In another vein of providing consumers with better information on the food they eat, Gottlieb said he would like to make it easier for manufacturers to clean up their labels. Currently, some vitamins appear in food ingredient lists by their chemical names. FDA has received a request to re-evaluate the way potassium chloride appears on labels. Manufacturers say some consumers think it has something to do with bleach. If it could appear on an ingredient label as “salt,” and somehow indicate the nutritive value of potassium, the petition says that perhaps consumers would be more likely to buy the product.
“If we could make sure that you can identify the healthful attributes of food ... and to make sure that information is prominent on the front of the label as, you know, ‘Cooks in 5 minutes,’ I think that may inspire consumers to look more carefully at the products.”
FDA also will take another look at standards of identity, which are regulations that define what ingredients or processes are required for products to be classified as something like mayonnaise or jam. Standards of identity were first issued in 1939 as a way to define the parameters of what should be added to prevent nutritional deficiencies, as well as to prevent deception.
Today, Gottlieb said, some items may have standards of identity that are overly strict given advancements in food science, while other products may benefit from establishing standards of identity.
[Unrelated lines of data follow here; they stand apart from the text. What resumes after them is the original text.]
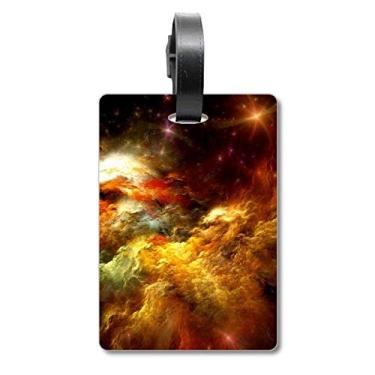 Imagem de Orange Sky Golden Nebula Paisagem de Mala Etiqueta Etiqueta Cartão de Bagagem Etiqueta Scutcheon Etiqueta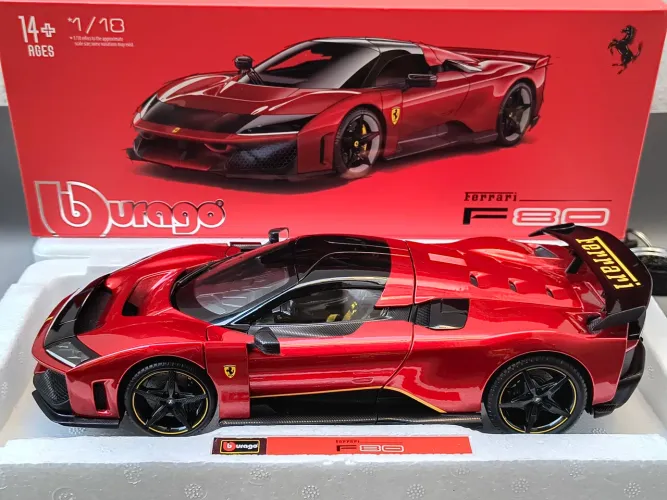 Miniatura Ferrari F80 1:18 Bburago Signature Vermelho Metálico Vinho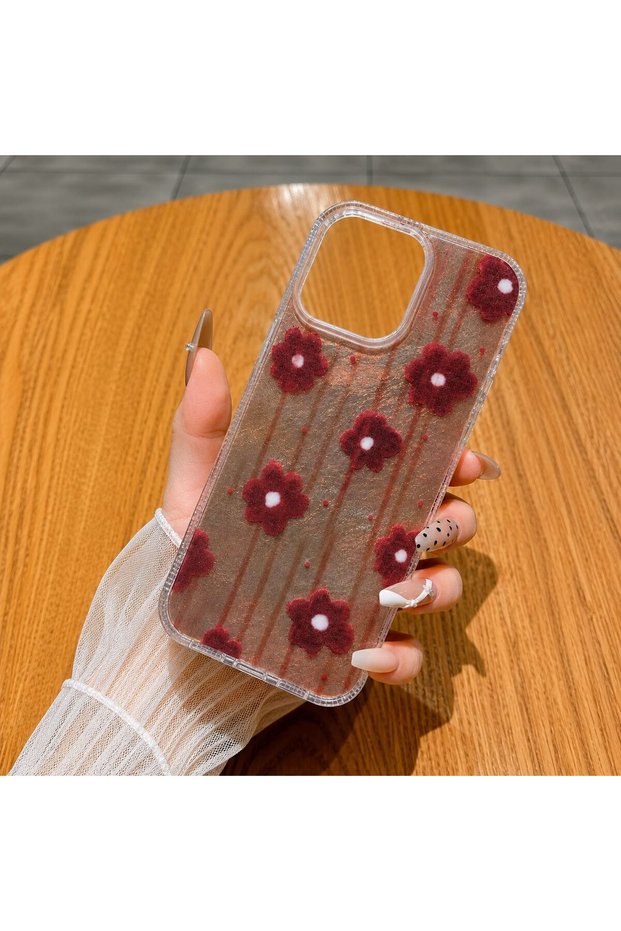 iPhone 13/14 Compatible (Internally Printed) Shiny Patterned Soft Transparent Stylish Phone Case with Shiny Sides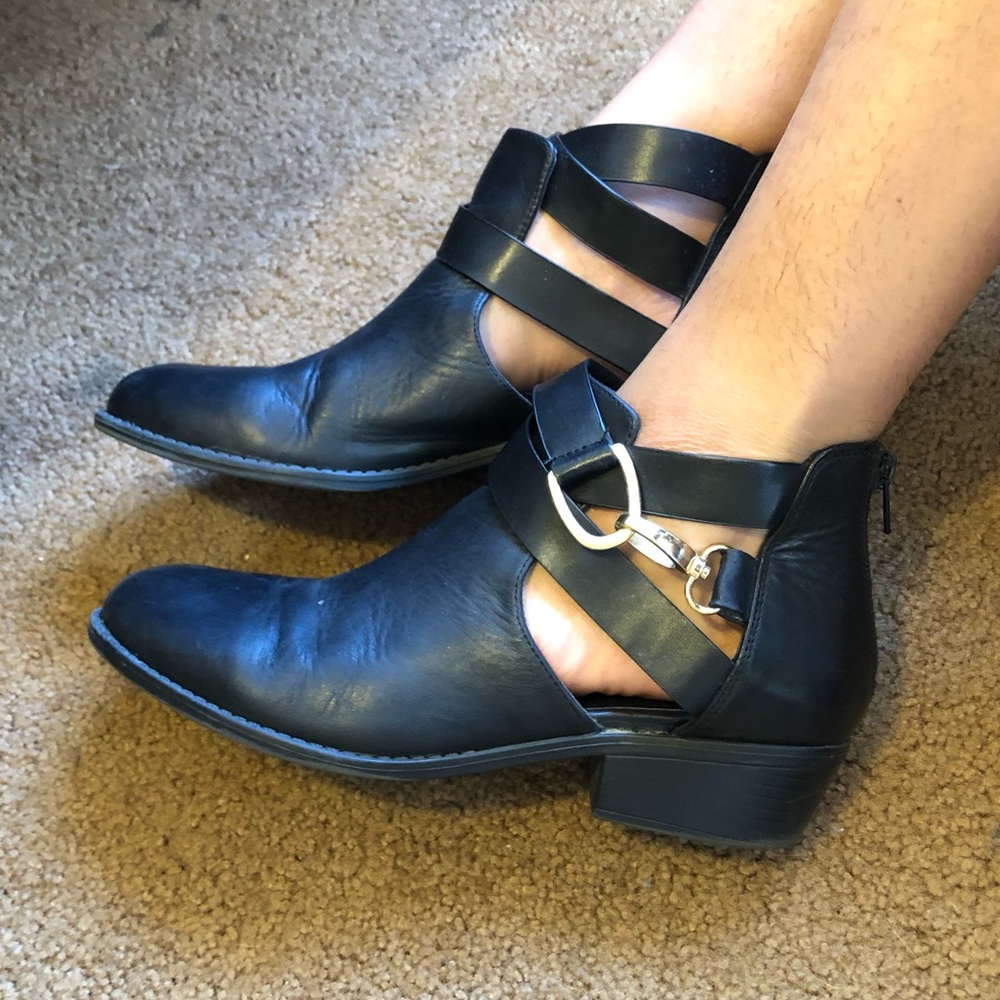 Black booties, size 10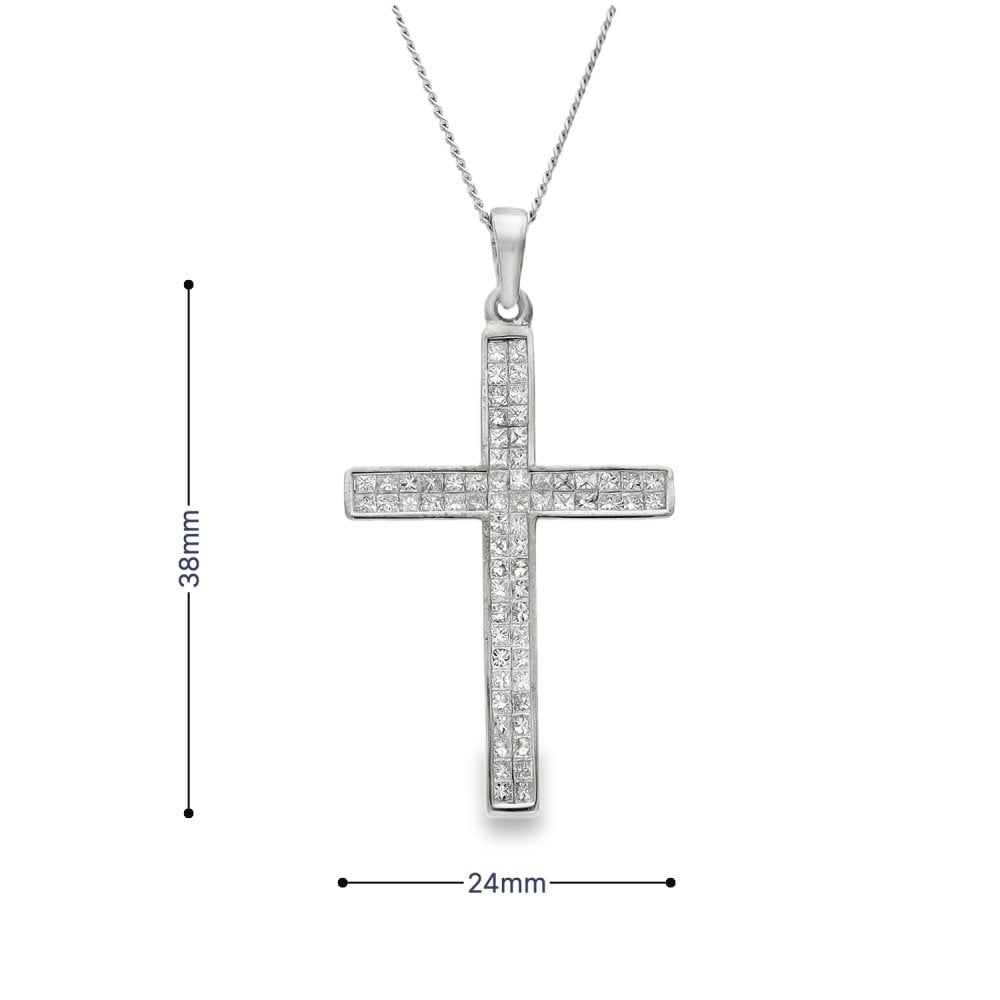 18ct White Gold Diamond Cross Pendant & Necklace - 20" - 1.32ct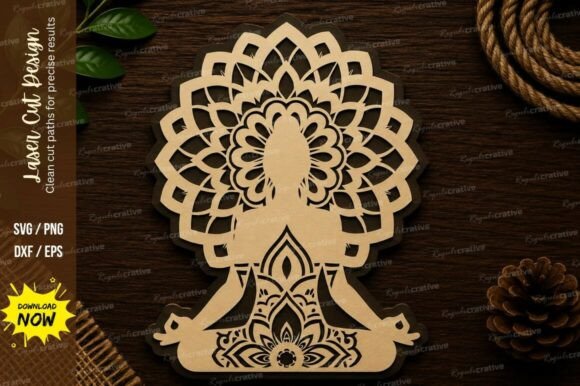 Download Mandala Yoga Meditation Decor Laser Cut - Meditation Collection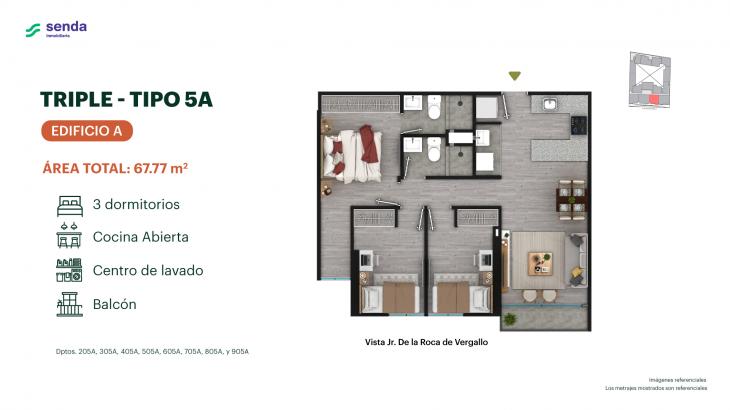 Plano del modelo TIPO 5A del proyecto EDÉM en Magdalena Del Mar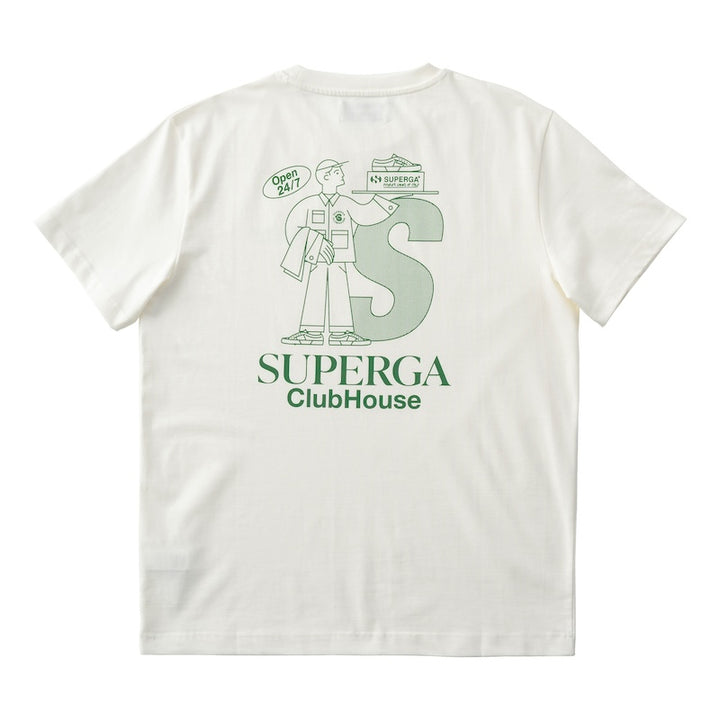 Tシャツ スペルガ クラブハウス｜T-SHIRT SUPERGA CLUBHOUSE（WHITE AVORIO-GREEN） –  スペルガ｜SUPERGA 公式サイト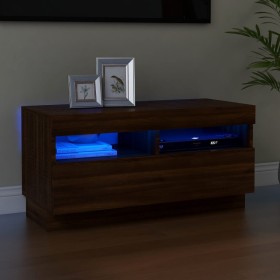 TV stand with LED lights in brown oak color, 80x35x40 cm. by vidaXL, TV Furniture - Ref: Foro24-815725, Price: 54,70 €, Disco...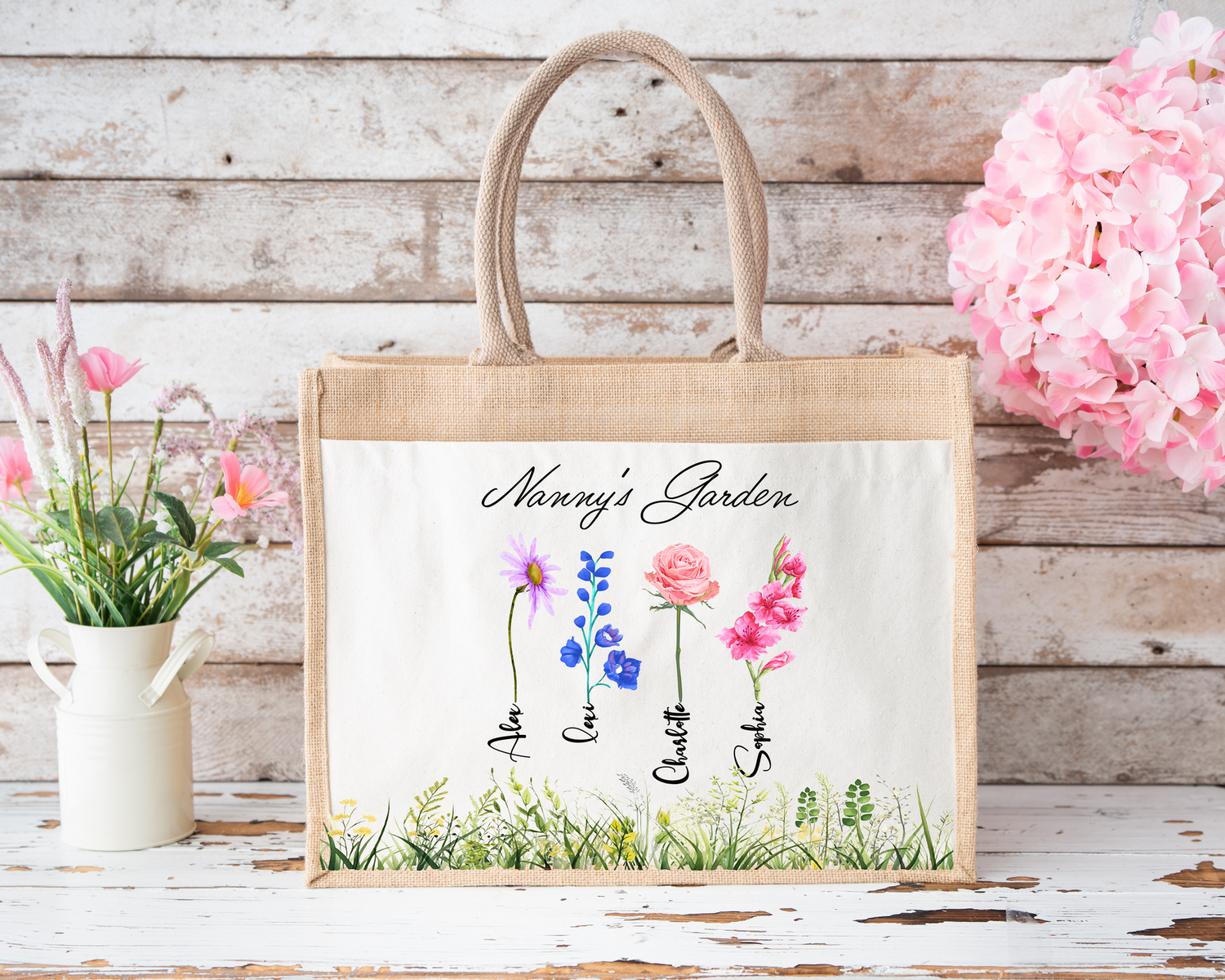 Personalised Jute Bag. Large Tote Shopping Bag 43x34cm with Pocket Storage Personalised with Name, Nanny Granny Mummy Perfect Gift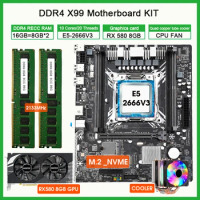 X99 motherboard Processor and Memory lga 2011-3 kit Xeon E5 2666 V3 CPU 16GB(2*8G) 2133MHz ddr4 Ram RX 580 8GB Video Card cooler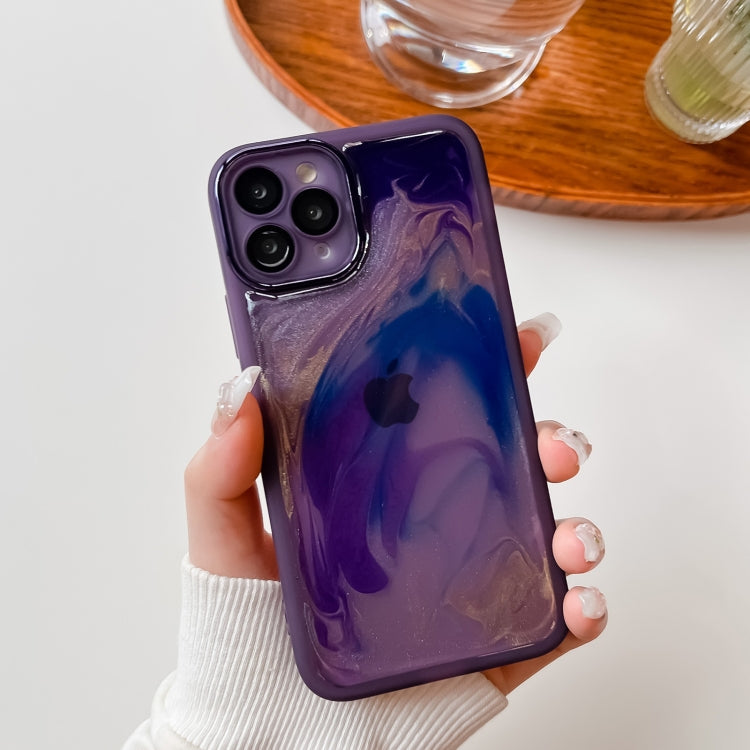 For iPhone 11 Pro Oil Painting Electroplating TPU Phone Case(Purple) - iPhone 11 Pro Cases by buy2fix | Online Shopping UK | buy2fix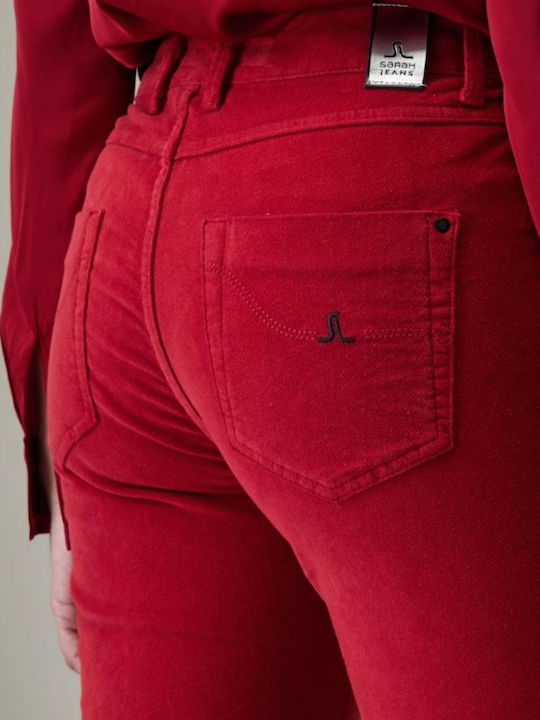 Dama Tesatura Pantaloni cu Croială Bootcut Red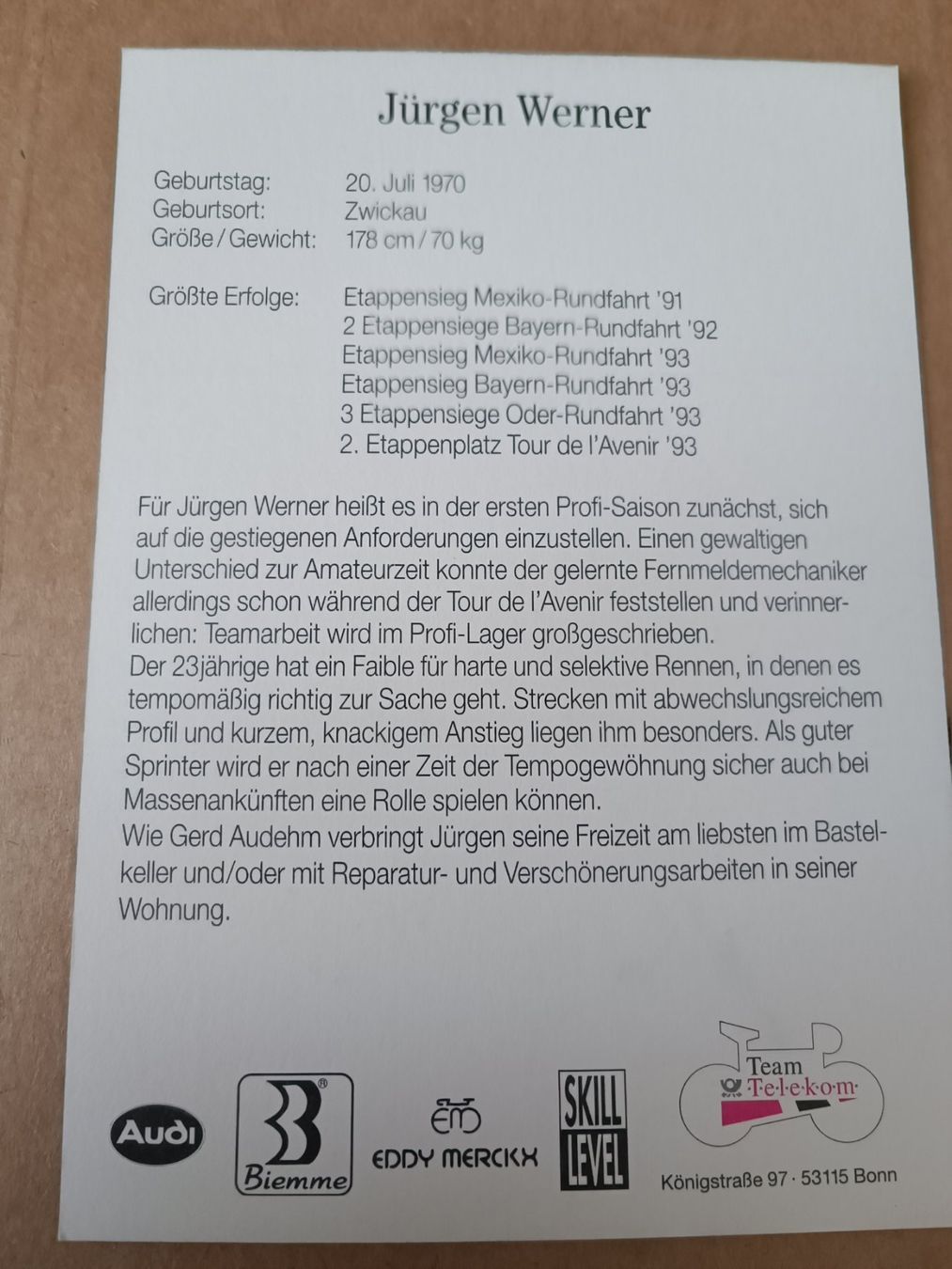 Autogramme: Jürgen Werner -  handsigniert - aus den 90er Jahren – Gebraucht aus Menziken von Autogramme 1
For example, the definition of yogurt may need an overhaul to respond to recent innovations, and some cheeses currently cannot use salt substitutes.
“Protection against economic fraud is still a critical touchstone for us, but we also see the need for flexibility for standards that allow better public health outcomes by encouraging manufacturers to produce more healthful foods that are still affordable,” Gottlieb said.
Charging forward with sodium reduction and FSMA
The FDA set voluntary guidelines for manufacturers to follow for sodium reduction in 2016. Average consumption is about 3,400 milligrams per day, according to the American Heart Association. The guidelines suggest manufacturers cut their salt enough so the average person consumes 3,000 mg each day by the end of 2018. By 2026, daily consumption would be cut to 2,300 mg.
Researchers have estimated that cutting consumption that much could prevent 500,000 premature deaths from stroke and heart attack in a decade, and save nearly $100 billion in health care costs.
Gottlieb said the FDA is going to continue on the path of advancing the voluntary guidelines — and will align its recommendation with the research toward a new dietary reference intake being conducted by the National Academies.
While Gottlieb’s speech touched on most of FDA’s pending nutrition initiatives, he did not talk about the Food Safety Modernization Act. In questions afterward, he said the agency has been working hard to implement all parts of the new food safety law, and it is on a “glide path” to get it all in place. Because FSMA is such a big new set of processes, inspections and regulations, Gottlieb said more time and care has been needed for some aspects of it.
“I can’t remember a piece of legislation, frankly, that has been as sweeping, as a wholesale change in the FDA’s regulatory posture than this one, and I can’t remember a single piece of large legislation that didn’t have certain implementation challenges as FDA stakeholders start to get it right, and that’s what we’re trying to do here," he said.